- [REQUIRED ACTION]
Begin with the line that holds "Close-up white cotton" and retype through the last line of the listing below, exactly; pictures are not part of the copy.

- [AVAILABLE DATA]
--------

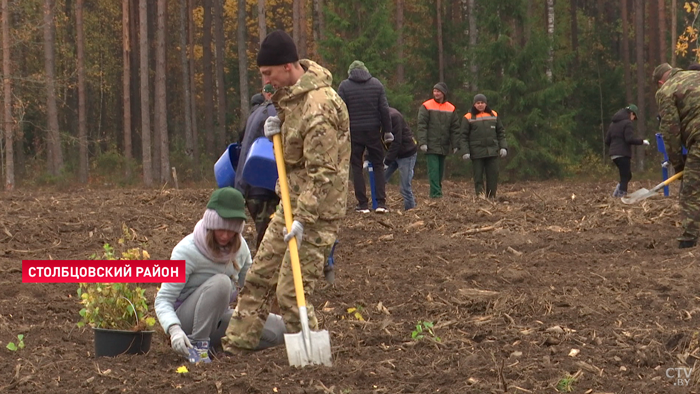 В Беларуси завершилась акция «Восстановим леса вместе»-19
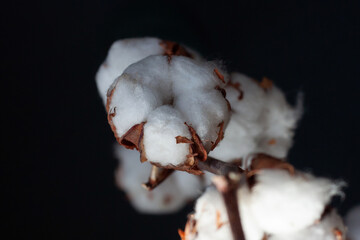 Close-up white cotton flower on a dark background. The concept of natural goods and purity.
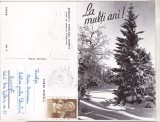 Bnk cp Iarna pe masivul Postavarul - felicitare circulata, Printata, Brasov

--------

- [REPLY TO THE TASK]
 Close-up white cotton flower on a dark background. The concept of natural goods and purity.
 Bnk cp Iarna pe masivul Postavarul - felicitare circulata, Printata, Brasov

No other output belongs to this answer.